Here you can see how offset the rim/tire are from the hub, they are about 1.6cm from the bike's centreline. This means once I've calculated the different driveside/hubside spoke lengths and laced up the wheel, it will have to be returned to the centreline. Likely the rear stays and bottom bracket will need to be offset 1.6cm, allowing the bike to track true with a straight chainline.
One more shot of the bike in the jig. Use a framer's square and several sizes of bubble level to check everything. Front/back/side to side all need to be square and level across the axles, bottom bracket and frame height.
Getting the vision in your head of the finished project is often part of the problem. I like to use a bit of photoshop work to help the process along. You can save a lot of time by drawing and dreaming of the finished product.
After shimming the tire/rim over to center and offsetting the hub to correct the chainline, I used a makeshift plumbob to measure the offset.
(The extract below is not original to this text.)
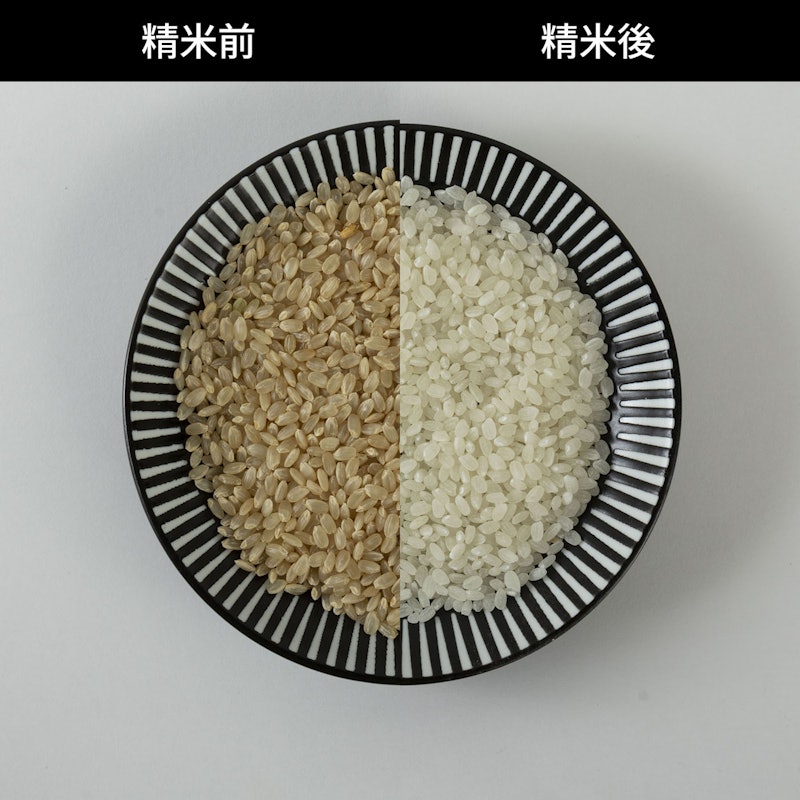 銘柄純白づき精米機 5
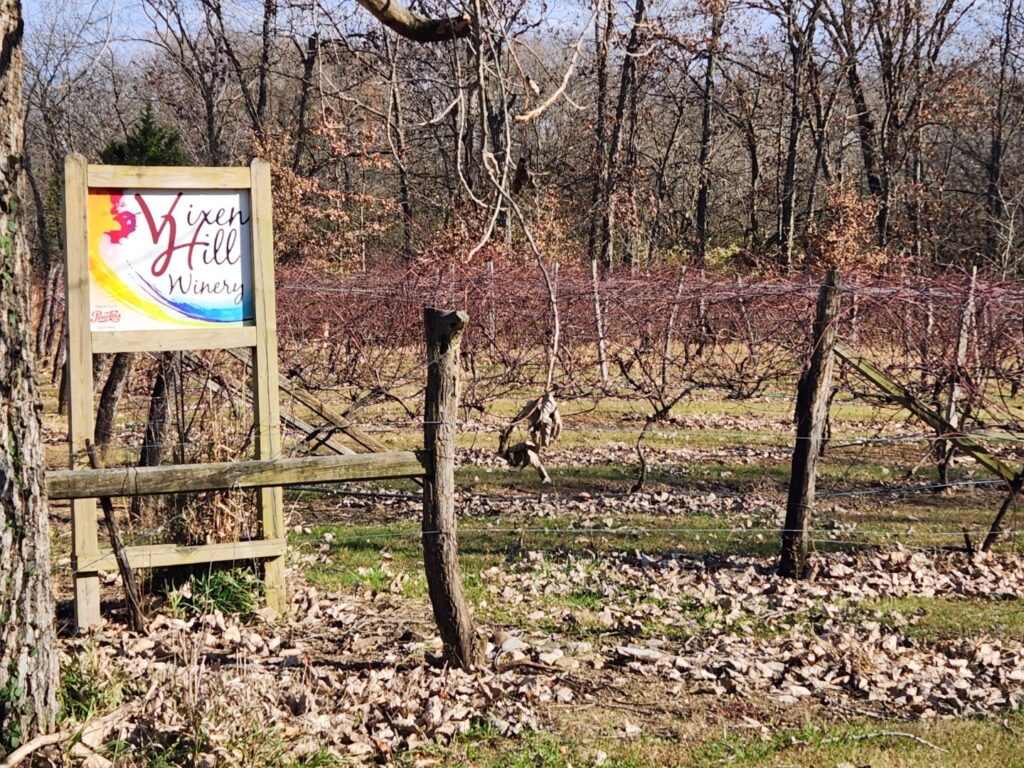 Vixen Hill Winery Sign & Vineyard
I found the drive side holes in the rim are directly in line with the drive side hub holes and the other side is offset by 21mm. I use a spoke length calculator (and other info) you can find at Rockx site. Editor's note: You can find some spoke calculator info in the Vancruisers tech section too!
As you can see the rear wheel is laced up and it's time to finish the rear chain stays. The arcs of tubing I rolled had to be cut about 3/4 of the way along and rotated inward to clear the chain and join with the front section.
3/16" steel plate works well for dropouts and I decided to go with covered ones for a cleaner look. Rectangular tubing was used to make the shell, the slots were cut with my trusty 4.5" grinder and the cover itself will be polished aluminum.
All four chainstays are now done and you can see how the covered dropouts will clean things up at the back end. If you click to view the larger image, you can also see where I cut the lower stay to rotate it inward. A torch had be used to heat the upper stays in a few places to bend them out and back in to line up with the dropouts in order to create more chain clearance on the drive side.
Still a long way from finished, but at least it's looking like something now. I'm hoping to have it ridable for the Freak Bike Militia cruise May 4th here in Nanaimo.
Ready to roll with a few things left to do; shifter, different handlebars, mold and paint the frame, etc. I am thinking about a leather covered suspension seat too, but frills can wait. This bike feels very solid with minimal flexing and with calculated rake and trail, low speed stability is much improved over my last build.